*** Opening of Exercise data ***
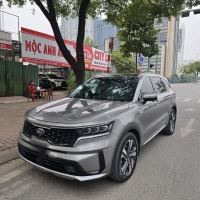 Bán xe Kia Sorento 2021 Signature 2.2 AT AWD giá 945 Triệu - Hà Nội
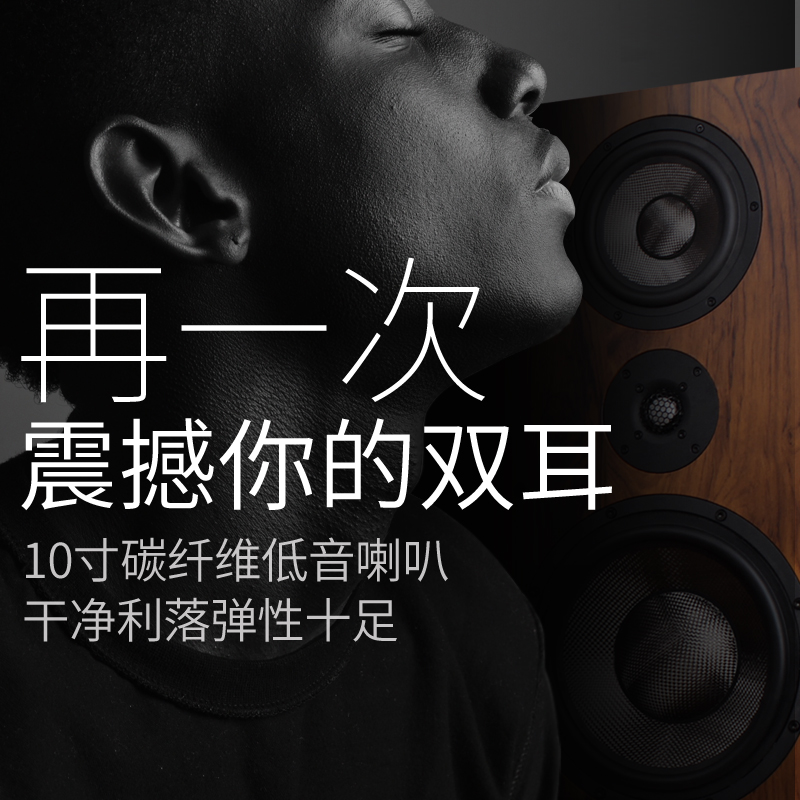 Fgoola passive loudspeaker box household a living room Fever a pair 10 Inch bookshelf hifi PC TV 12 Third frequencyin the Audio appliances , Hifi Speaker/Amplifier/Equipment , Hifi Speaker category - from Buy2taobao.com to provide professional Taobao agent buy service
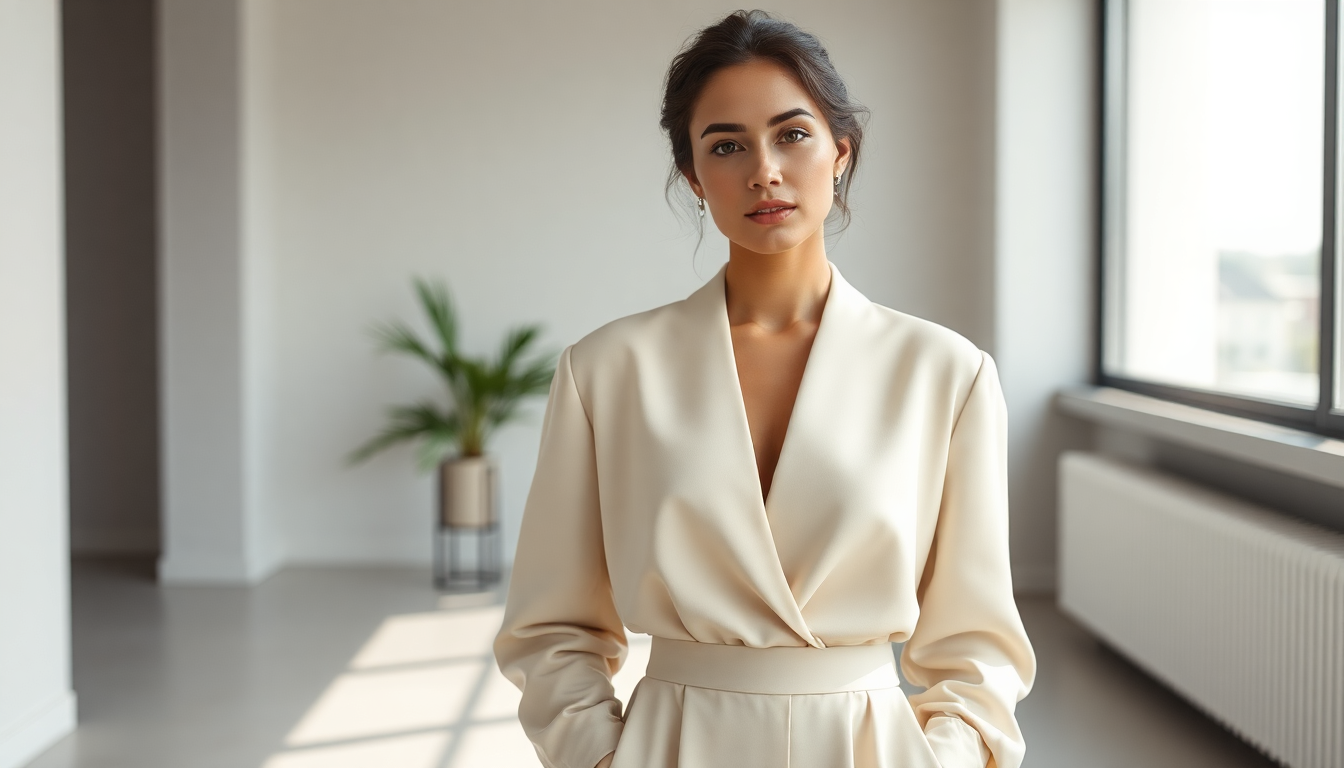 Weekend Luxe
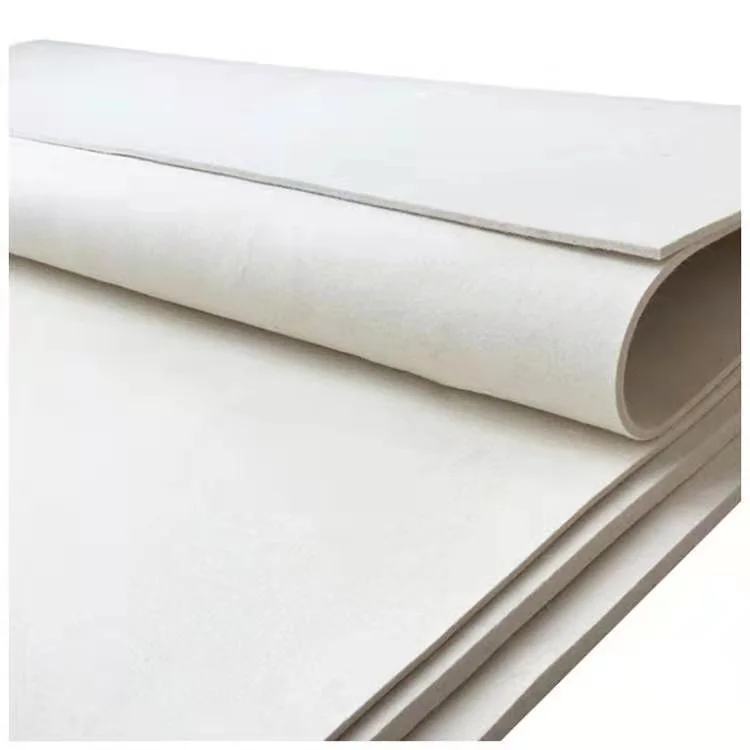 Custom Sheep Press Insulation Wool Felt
*** Close of Exercise data ***
Your task: Only the pictures are dropped when you print the material; everything else is copied exactly.

The completed task:
 Bán xe Kia Sorento 2021 Signature 2.2 AT AWD giá 945 Triệu - Hà Nội
 Fgoola passive loudspeaker box household a living room Fever a pair 10 Inch bookshelf hifi PC TV 12 Third frequencyin the Audio appliances , Hifi Speaker/Amplifier/Equipment , Hifi Speaker category - from Buy2taobao.com to provide professional Taobao agent buy service
 Weekend Luxe
 Custom Sheep Press Insulation Wool Felt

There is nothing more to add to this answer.